■ **Your task**:
Nothing outside the range is to be copied. From the entries below, reproduce exactly the lines starting at the one with "Trump ki akarja" and ending at the one with "peugeot 206 berlina del año 2005", without pictures.

■ **Dataset records**:
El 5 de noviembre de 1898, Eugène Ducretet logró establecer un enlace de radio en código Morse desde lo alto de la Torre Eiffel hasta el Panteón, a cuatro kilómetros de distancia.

---

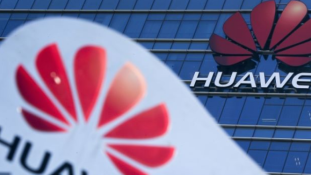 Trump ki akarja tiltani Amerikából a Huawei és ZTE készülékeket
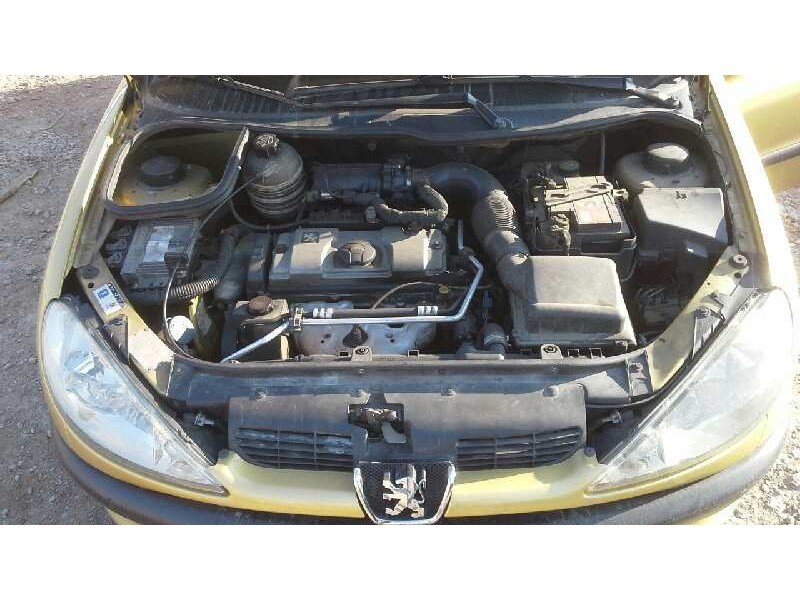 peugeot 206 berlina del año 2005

...

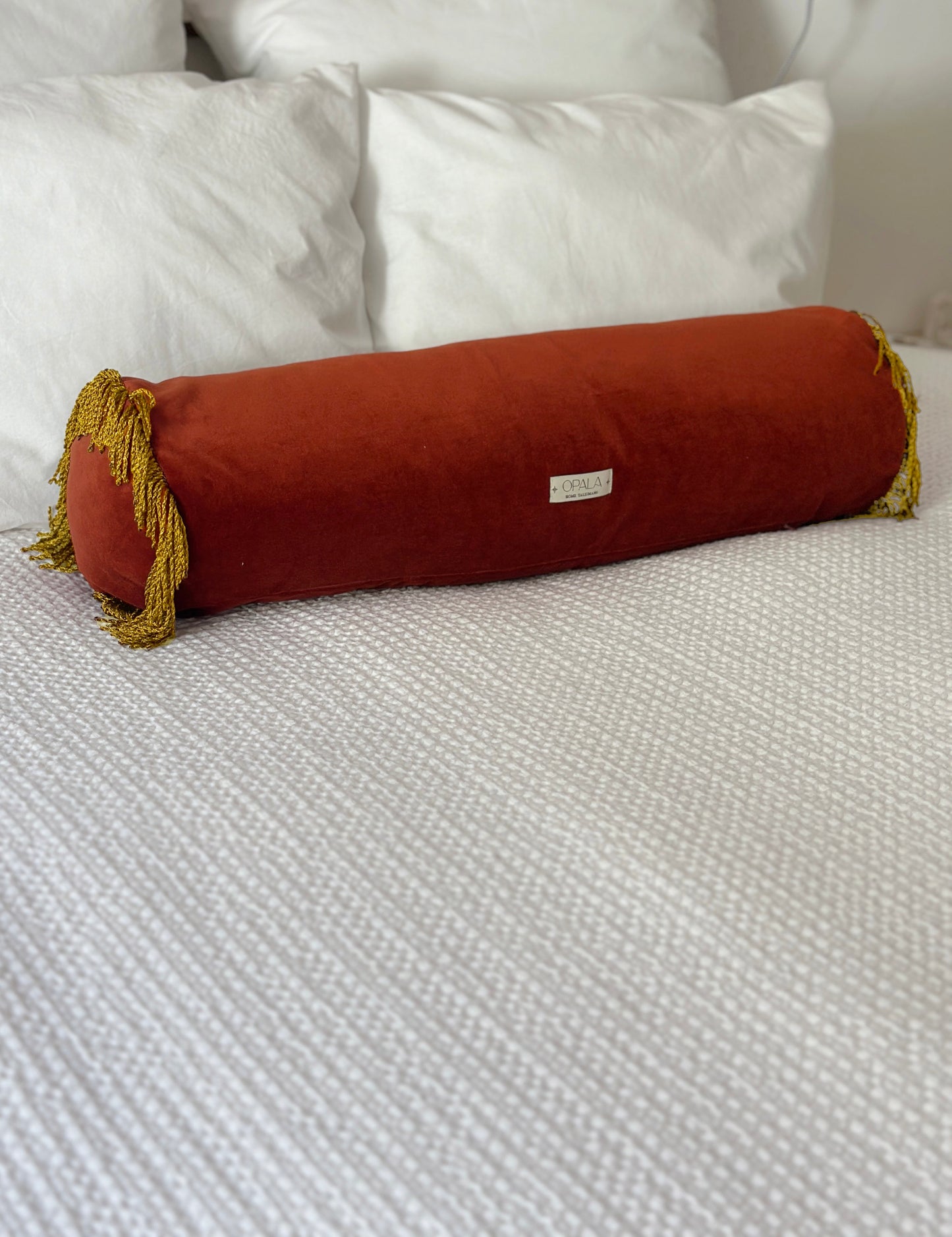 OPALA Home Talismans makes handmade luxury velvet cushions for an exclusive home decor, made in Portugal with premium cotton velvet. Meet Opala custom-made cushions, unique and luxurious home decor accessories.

■ **Your solution**:
 Trump ki akarja tiltani Amerikából a Huawei és ZTE készülékeket
 peugeot 206 berlina del año 2005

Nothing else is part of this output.